Some people have unusual pep and vigor for 7:00am. They’re made wrong. Whose clock sets sunrise as prime? There are groups of men here laughing boisterously, from their gut, as if they’ve been in a pub downing beer for the last few hours. But then there are those who are normal, noiselessly reading their papers and sipping their lattes. Having just gone to the dentist, I think to myself, “The sipping is causing corrosion in their molars.”

I like sitting in front of the window and watching night turn to day. The sky is the same color as the shirt I’m wearing today: grayish powder blue. The volume of vehicles on the road increases as people begin the day. We all share this one day, and yet there are hundreds of millions of days occurring simultaneously. Hundreds of millions of individual insecurities, problems, worries. There will be hundreds of millions of new jokes created, new loves formulated, new friends made. This is everyday, and yet it is so unbelievable. The mass of existence is great.

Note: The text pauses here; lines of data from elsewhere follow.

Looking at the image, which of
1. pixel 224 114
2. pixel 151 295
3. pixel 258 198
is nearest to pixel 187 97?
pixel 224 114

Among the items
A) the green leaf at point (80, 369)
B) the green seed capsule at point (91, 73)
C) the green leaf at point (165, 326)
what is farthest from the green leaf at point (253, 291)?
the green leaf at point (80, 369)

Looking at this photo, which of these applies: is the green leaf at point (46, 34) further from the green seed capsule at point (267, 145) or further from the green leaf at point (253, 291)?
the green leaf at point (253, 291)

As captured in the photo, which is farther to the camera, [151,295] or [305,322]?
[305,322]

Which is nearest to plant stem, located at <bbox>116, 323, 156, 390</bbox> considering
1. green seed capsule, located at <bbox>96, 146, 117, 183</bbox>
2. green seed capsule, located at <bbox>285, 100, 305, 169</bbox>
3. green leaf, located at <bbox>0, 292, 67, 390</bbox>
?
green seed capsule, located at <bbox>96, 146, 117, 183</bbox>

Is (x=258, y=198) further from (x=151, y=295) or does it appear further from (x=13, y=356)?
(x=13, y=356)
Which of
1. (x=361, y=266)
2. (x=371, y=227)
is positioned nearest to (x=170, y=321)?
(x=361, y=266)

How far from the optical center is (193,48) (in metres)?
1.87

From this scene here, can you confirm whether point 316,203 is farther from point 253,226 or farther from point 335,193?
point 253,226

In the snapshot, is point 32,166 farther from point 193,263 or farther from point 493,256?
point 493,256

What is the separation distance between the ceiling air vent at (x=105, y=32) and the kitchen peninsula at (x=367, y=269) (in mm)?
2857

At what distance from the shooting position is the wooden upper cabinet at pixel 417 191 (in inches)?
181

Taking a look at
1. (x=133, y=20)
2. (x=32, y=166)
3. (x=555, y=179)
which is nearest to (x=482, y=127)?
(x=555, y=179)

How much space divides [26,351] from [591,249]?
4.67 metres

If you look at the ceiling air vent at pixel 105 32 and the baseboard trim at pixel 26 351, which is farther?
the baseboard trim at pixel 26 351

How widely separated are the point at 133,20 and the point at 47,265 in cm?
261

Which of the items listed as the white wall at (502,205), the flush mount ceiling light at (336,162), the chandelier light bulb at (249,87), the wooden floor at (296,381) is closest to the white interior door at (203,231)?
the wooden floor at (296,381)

I was looking at photographs of my travels last night. This past trip had fused with the school year so quickly that I didn’t get the chance to process it. I was looking at my pictures, thinking to myself, “I have seen so many great things.” The experiences are so palpable, and yet so distant and dreamlike. I surveyed photos of Tyler and I standing in Versailles, in Sanssouci Park, on the “prideland” of the Masai Mara, in the countryside of Tallo near Barcelona… And I thought back to my times in Managua, in the orphanage, and in Alaska performing puppet shows for Native American children with Fetal Alcohol Syndrome. When I think, as I so often do, that my life is inconsequential and that I don’t have stories to tell, I’ll set my mind straight. It’s strange how these spectacular events get buried in the folds of my present insecurities and troubles.

It’s raining outside now. Please enjoy the weather today 🙂 I know I will.

 

P.S. Hamlet was awesome.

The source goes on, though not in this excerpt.